Lets take Holo as example. Holo is all about getting additonal very powerful and well thought through skills (like a leap that is also a combo finisher with good synergy to the whole playstyle of Engi/ Holo for example). I like all Holoskills in terms of what they do and how fluid they feel to use. Now we need a trade off for that plus in power Holomode adds as the strongest and best kit Enig has access to, that doesn't even consume an utility slot.The creator of the Holospec was smart, he added a head mechanic that counters the more in power Holomode adds to Engi by a head penalty that adds skill ceiling. But you need to find a good equilibrium between the power and the penalty head. If you make the penalty droping too late or the penalty when coming is way too weak (so the player can just camp in Holomode forever without even thinking of the head effect or doesn't need to fear the too weak penalty at all) than Holo will be op as mechanic itself (not only a specific Holobuild that gets too strong because of the synergy with power creeped core traitlines) and all the skill ceiling that is supposed to be added by head penalty to Holo is in fact not there.On the other side when you make the head penalty dropping in too fast and then even with too high punishment then you make Holo too weak but even more important you make Holo too weak in a way that doesn't even add skill ceiling to the class, it even kills skill ceiling from Holo.
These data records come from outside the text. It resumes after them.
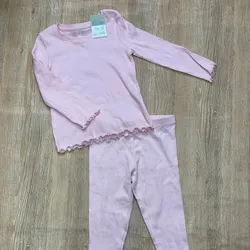 Conjunto de canalé color rosado 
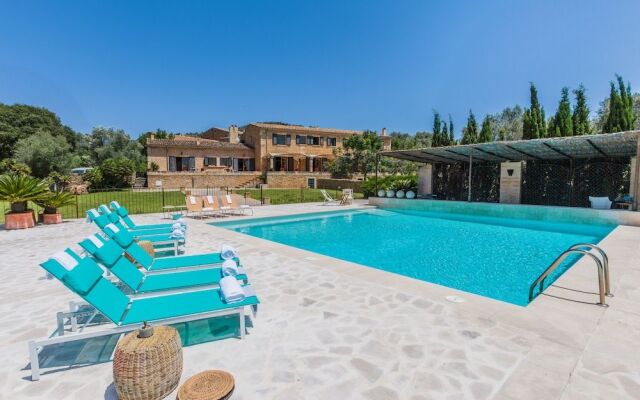 Residence by G Cas Comte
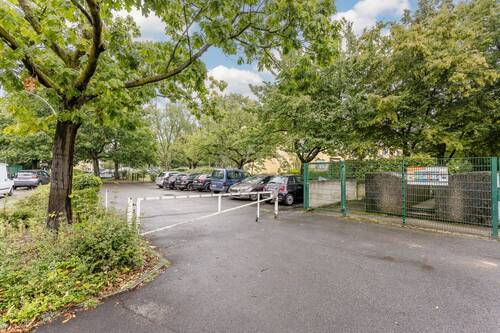 Parkflächen am Haus - 2 Zimmer Etagenwohnung zum Kaufen in Berlin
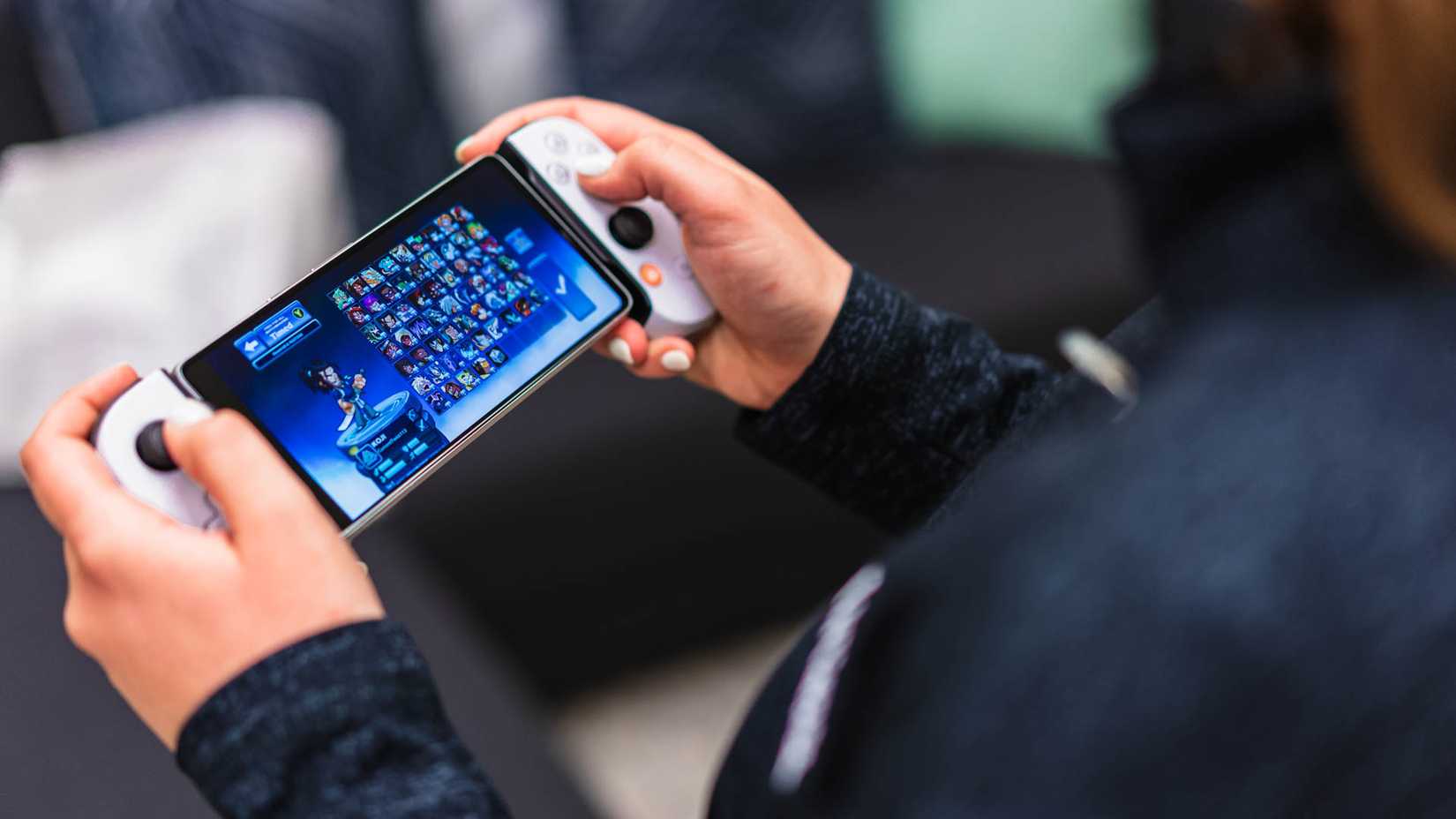 Person playing on the Backbone One - PlayStation Edition for Android.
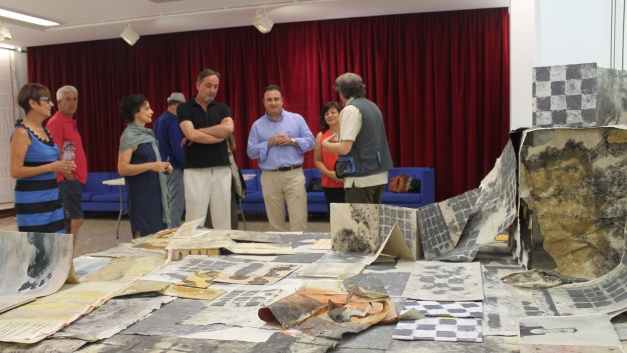 El alcalde acompañó a los artistas durante la inauguración de la muestra.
A Holo that can only stay in Holomode for 2 seconds for example or head will dropping in and nearly kills him what will he do? Everytime he goes in Holomode he will just try to spam as much Holoskills as possible before he has to drop out again. Using Holoskills reactive and well timed will be impossible.
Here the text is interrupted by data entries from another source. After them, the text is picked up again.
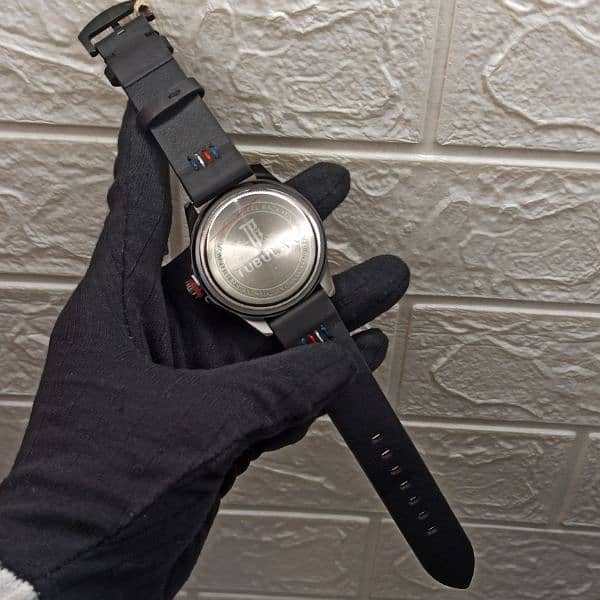 Tubular Watch With Down Second Chrono 3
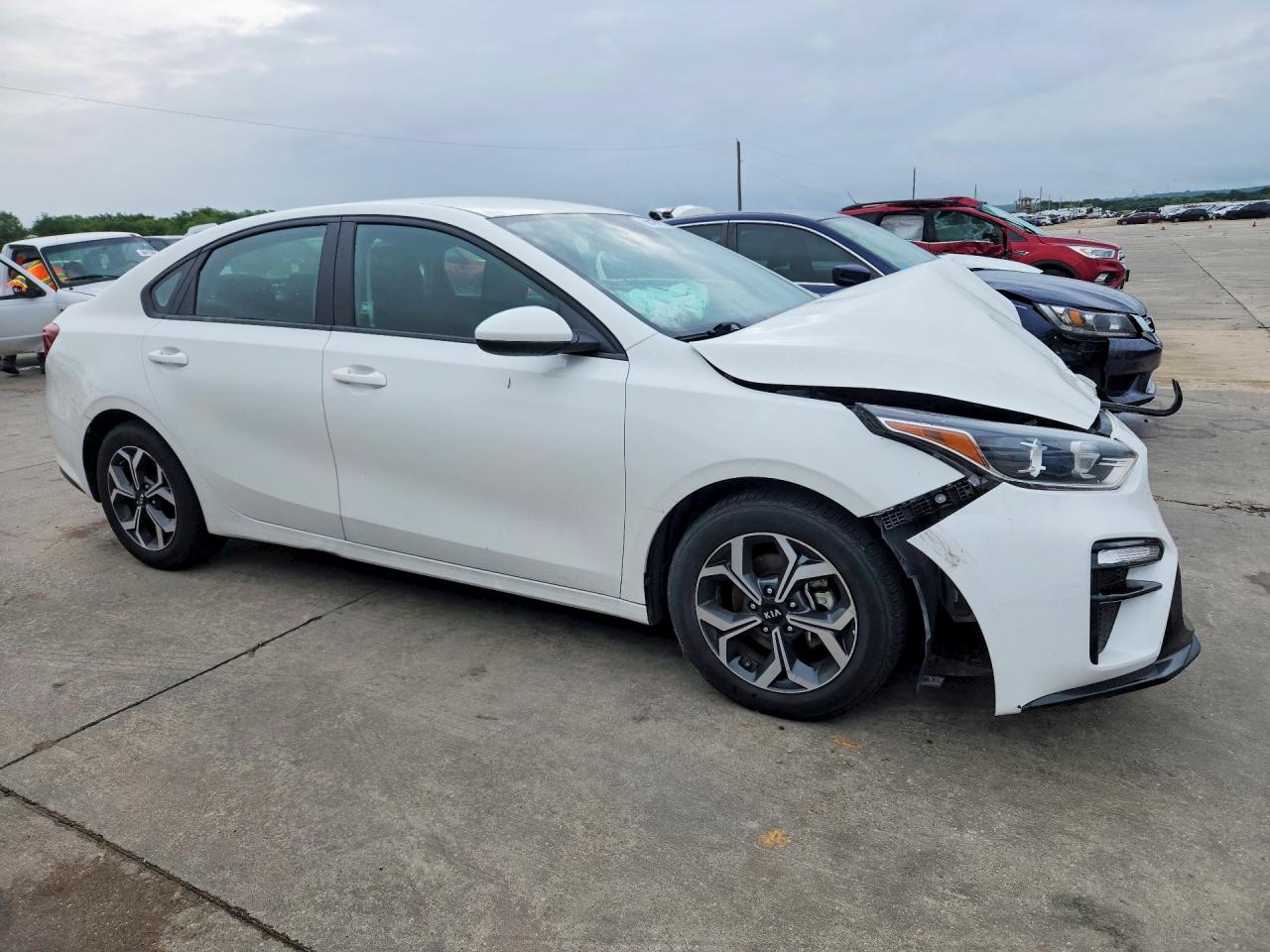 2019 Kia Forte Lxs White vin: 3KPF24AD0KE111736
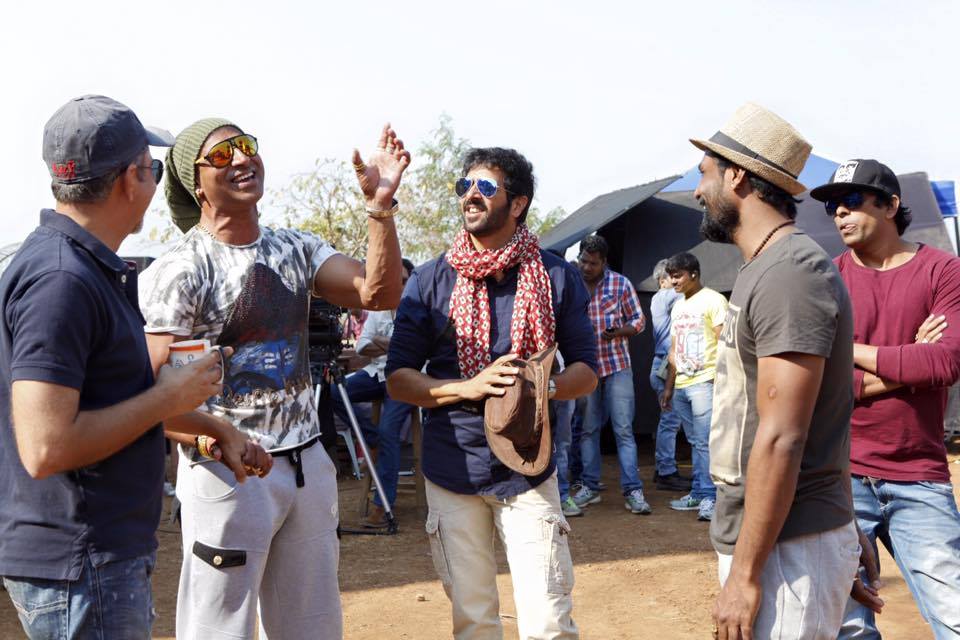 Kabir Khan and others on the sets of Bajrangi Bhaijaan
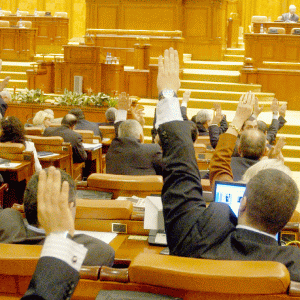 Legea insolvenţei, minge de ping-pong pe masa politică
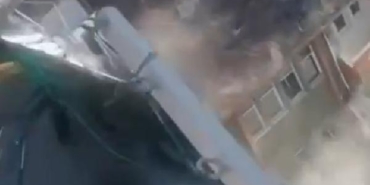 Malatya'da ağır hasarlı binanın kepçenin üstüne çökmesi kamerada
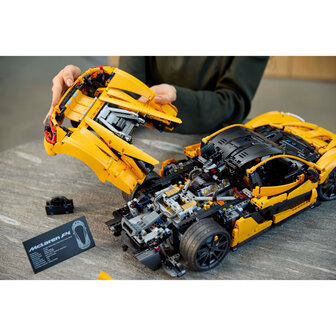 LEGO Technic McLaren P1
Though in case Anet would think Holo as mechanic is too strong compared to core Engi and for that needs not only a normal nerfs (like dmg reduction on Holoskills, deleting double or triple rewards from overloaded skills, bit higher cds) but needs a trade off that cuts the mechanic itself, then Anet needs to be very very careful to not destroy the balance/ the equilibrium from Holomode based on Holopower vs Head penalty. Anet also should not trade off Holo in a way that deletes skills and combos that are meant to be there and add skill ceiling (like using combofinisher into waterfields for healing with the Hololeap is for certain a more skillful and more punishable way to heal than only pressing button 6. At least as long as you don't give Enig defenive skills on low cd to 100% cover the combo healing every time Holo needs to heal). Or would you like to see a Holo trade off that reduces the Holo kit to 3 skills instead 5, deleting the Hololeap and one other skill from the kit? Or would you like to see a Holo trade off that makes the Holokit consume an utilityslot and delete f5 for that (and i mean rly delete f5, so that Holo only has 4 f skills like Chrono, not the pseudo f5 replacement as pseudo second trade off)? Sure not! Holo is fine as it is, it was from start well designed with an inherent trade off that can be adjusted by finding a good equilibrium between Holopower and Headpenalty and that adds skill ceiling without limiting the active gameplay options of the player. As you see cds in GW2 are an primary part of punishing player skillspam but also of higher skill ceiling by not limiting active gameplay options with too high cds, cds are a needed part due to all other mechanics that are in the game and due to its fast paced combat. Anet needs to care for not making cds that high that the game slows down too much and that the player will be too limited in his skillful and active gameplay options and that the +1 style you destribed will not take over (again we have a problem of finding an equilibrium). All that is needed for accdeptable balance and skillful gameplay is to find a good equilibrium between cds and skill design. 100% balance is impossible in GW2 anyway, it is all about not getting too far away from equilibria.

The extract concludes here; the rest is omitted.